**THE TASK**
What is the number of lines in the data that contain "Light"? Nothing besides that number, please.

**INPUT FOR THIS TASK**
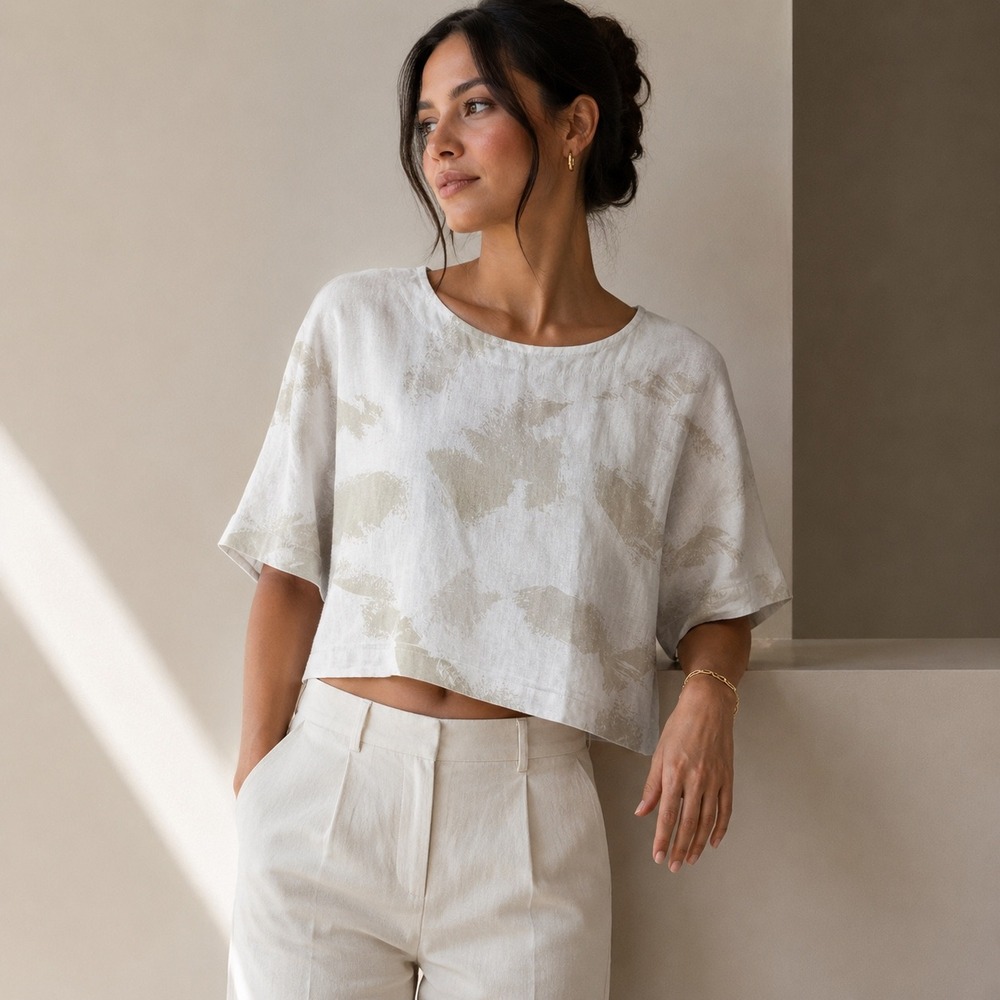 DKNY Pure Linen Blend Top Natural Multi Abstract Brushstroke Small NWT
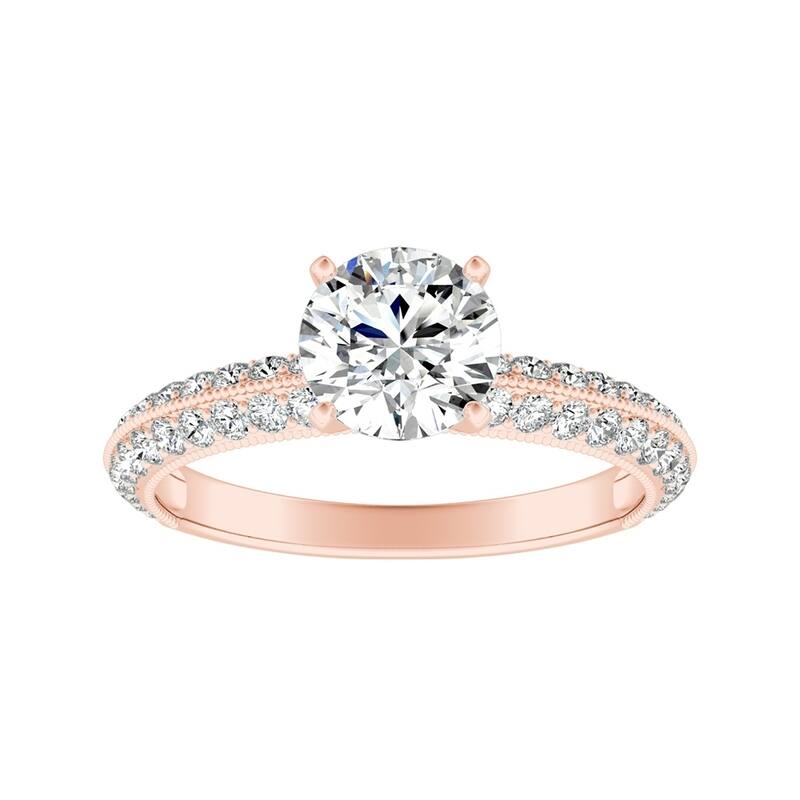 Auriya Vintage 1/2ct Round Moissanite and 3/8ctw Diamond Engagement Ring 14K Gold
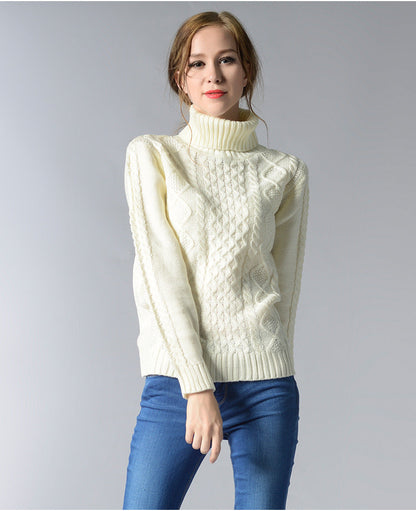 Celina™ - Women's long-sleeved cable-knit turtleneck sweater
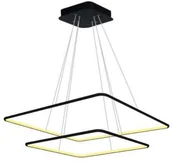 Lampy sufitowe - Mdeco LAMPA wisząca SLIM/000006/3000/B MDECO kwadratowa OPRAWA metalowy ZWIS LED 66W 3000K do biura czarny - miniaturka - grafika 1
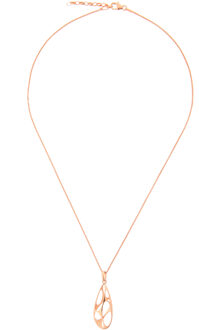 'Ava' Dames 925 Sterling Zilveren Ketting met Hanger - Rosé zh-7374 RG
...
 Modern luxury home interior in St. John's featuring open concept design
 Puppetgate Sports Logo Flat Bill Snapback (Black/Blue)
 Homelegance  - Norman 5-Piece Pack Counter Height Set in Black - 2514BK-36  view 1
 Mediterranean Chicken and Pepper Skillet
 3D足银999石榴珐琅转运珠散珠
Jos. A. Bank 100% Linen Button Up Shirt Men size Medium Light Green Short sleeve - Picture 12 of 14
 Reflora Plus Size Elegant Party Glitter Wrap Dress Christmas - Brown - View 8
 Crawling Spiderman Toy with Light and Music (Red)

**THE ANSWER**
2